Lo sguardo attento del cronista gareggia con il cuore del tifoso negli attimi che in ogni domenica anticipano il fischio d’inizio. Lazio-Cagliari come ultimo appello per sperare in un grande futuro. Reja in tribuna e la Lazio sul campo uniti insieme per un patto d’acciaio chiamato Champions. La gente che si affolla in curva nell’ultima domenica di marzo allo stadio Olimpico. Cori, stendardi, sciarpe e bandiere colorate, mentre il volteggio dell’aquila accompagna gli attimi pre-gara. Mille pensieri legati al match di lì a poco protagonista. Lo spettacolo intorno al campo e la grande attesa innescano le emozioni. Per un attimo il tifoso e il giornalista si ritrovano insieme a contemplare lo spettacolo della gente. Il solito sguardo innamorato che dalla tribuna stampa si volta verso l’amata Nord. Un percorso d’amore che attraversa in ogni partita lo spicchio più caldo dello stadio. Sciarpe e bandiere al vento, vecchi e nuovi slogan, uniti dai colori di sempre e scaldati dai cori della gente. Un gemito che percorre l’anima, un sorriso che sale dal cuore, quando tra i bandieroni di Curva scorgo lo sguardo che non ti aspetti. Non è quello di un ragazzo, né quello di una donna, né tanto meno quello di un bambino è Cecco. L’effige di Re Cecconi, l’icona di una Lazio fa, nel fulcro del tifo laziale. Una bella immagine a tinte bianco e celesti che sventola in Curva Nord. Uno spettacolo incredibile che rapisce l’attenzione. Un turbinio di emozioni che non scalfisce solo il cuore del sottoscritto. Sentimenti puri che accendono i cuori di centinaia e centinaia di laziali, come quello di Maurizio Martucci che stamani nella mia casella mail ha recapitato un’ode speciale per Cecco. Eccola a voi riportata fedelmente…

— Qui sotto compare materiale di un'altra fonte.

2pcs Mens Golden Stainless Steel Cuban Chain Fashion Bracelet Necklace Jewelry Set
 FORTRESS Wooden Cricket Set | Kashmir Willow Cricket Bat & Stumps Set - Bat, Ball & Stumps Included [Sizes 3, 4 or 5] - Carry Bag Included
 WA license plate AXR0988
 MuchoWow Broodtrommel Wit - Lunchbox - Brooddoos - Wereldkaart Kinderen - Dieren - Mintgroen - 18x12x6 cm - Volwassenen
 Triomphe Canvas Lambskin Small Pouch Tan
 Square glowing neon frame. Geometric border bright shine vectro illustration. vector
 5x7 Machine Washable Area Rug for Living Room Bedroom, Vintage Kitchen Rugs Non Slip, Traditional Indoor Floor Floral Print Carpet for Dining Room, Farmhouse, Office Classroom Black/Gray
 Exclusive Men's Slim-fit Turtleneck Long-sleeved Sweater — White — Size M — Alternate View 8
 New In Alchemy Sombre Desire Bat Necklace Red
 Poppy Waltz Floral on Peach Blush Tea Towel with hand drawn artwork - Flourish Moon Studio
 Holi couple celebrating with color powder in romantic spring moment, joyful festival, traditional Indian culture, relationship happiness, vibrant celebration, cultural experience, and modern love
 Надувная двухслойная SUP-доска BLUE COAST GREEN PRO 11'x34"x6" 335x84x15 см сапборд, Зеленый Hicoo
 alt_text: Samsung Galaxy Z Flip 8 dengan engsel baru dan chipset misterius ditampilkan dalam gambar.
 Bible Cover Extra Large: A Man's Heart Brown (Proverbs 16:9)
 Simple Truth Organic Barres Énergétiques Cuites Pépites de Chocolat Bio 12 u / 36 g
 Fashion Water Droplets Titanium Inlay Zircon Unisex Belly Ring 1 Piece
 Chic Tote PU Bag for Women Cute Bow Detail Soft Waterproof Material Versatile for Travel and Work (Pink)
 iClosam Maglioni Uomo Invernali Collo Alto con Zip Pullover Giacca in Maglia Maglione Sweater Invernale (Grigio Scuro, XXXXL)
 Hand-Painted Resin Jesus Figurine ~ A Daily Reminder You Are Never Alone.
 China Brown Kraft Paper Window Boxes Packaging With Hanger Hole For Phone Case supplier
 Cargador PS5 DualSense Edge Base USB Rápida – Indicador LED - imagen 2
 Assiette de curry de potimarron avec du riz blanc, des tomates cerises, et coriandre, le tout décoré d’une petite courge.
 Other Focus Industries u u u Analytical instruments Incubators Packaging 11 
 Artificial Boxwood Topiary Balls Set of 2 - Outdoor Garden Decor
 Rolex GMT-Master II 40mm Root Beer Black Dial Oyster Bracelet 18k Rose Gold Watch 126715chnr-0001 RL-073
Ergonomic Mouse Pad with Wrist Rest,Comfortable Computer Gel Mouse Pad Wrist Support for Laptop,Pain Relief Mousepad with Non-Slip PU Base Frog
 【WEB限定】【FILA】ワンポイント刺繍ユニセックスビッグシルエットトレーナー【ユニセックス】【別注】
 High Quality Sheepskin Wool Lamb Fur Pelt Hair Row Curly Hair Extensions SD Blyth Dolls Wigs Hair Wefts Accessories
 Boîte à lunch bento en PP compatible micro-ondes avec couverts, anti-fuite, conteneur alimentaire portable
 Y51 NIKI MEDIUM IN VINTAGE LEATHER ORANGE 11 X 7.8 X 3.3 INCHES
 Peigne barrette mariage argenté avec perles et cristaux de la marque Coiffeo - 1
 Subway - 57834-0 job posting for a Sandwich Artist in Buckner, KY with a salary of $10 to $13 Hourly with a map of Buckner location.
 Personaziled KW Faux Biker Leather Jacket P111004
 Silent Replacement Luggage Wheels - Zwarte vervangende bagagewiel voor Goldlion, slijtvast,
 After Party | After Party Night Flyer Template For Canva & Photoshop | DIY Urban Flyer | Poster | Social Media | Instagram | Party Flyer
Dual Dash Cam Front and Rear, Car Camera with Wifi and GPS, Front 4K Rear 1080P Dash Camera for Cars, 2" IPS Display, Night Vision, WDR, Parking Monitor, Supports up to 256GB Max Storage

Ieri, guardando la curva, ho detto: “Che bella!” Brividi, una luce abbagliante. Una mano sull’asta, come quando con Pulici difendeva il palo della porta laziale, per poi ripartire in attacco, correndo sulla fascia. I capelli di un biondo accecante. La maglia celeste, colore puro e limpido, di una tonalità quasi innocente. Perfetta. Come lo scudetto sul petto, cucito col marchio di fabbrica, anno 1974. Quel bandierone per Luciano Re Cecconi non è stato solo un lembo di stoffa, ma icona di una vittoria morale, conquistata con tenacia e caparbietà contro i segni del tempo, contro i silenzi dell’oblio. “Uccidere un laziale non è reato”. Una sintesi maledetta, slogan degli anni di piombo che per lunghi 35 anni ha tentato di oscurare il ricordo del Saggio, come lo chiamavano Martini & C nel campo di Tor di Quinto. Colpa il fantasma del fantomatico scherzo nella gioielleria del Fleming, tramandato con troppa superficialità. Perché Cecco, Cecconetzer, lui non scherzava. E’ stato l’unico giocatore italiano (nazionale azzurra) ucciso con un colpo di pistola, rimasto per giunta senza giustizia. Ma oggi, la tesi dello scherzo è stata ribaltata, come riabilitazione dell’immagine pulita e generosa di faccia d’angelo, restituzione alla famiglia di Cecco di quella verità che qualcuno, capziosamente, ha tentato di negargli. “Nel vederla in Curva Nord, mi è uscita una lacrima, quella bandiera è bellissima”, all’Olimpico mi detto ieri Stefano Re Cecconi, il figlio di Luciano. Lui era sulle gradinate, come forse ci sarebbe stato anche suo papà. Mentre sua mamma era a Nerviano, nel paese natale, a guardare la bandiera in diretta tv. Forse avrà pianto anche lei. Perché oltre che bella, quella bandiera è unica, vera, simbolica. E’ il simbolo di un vincolo immortale che unisce la Lazio di oggi a quella di ieri. Legandola alla sua storia, per sempre. Garrisci al vento e sventola fiera, bandiera. Orgogliosa al volo di Olympia. Non scherzo.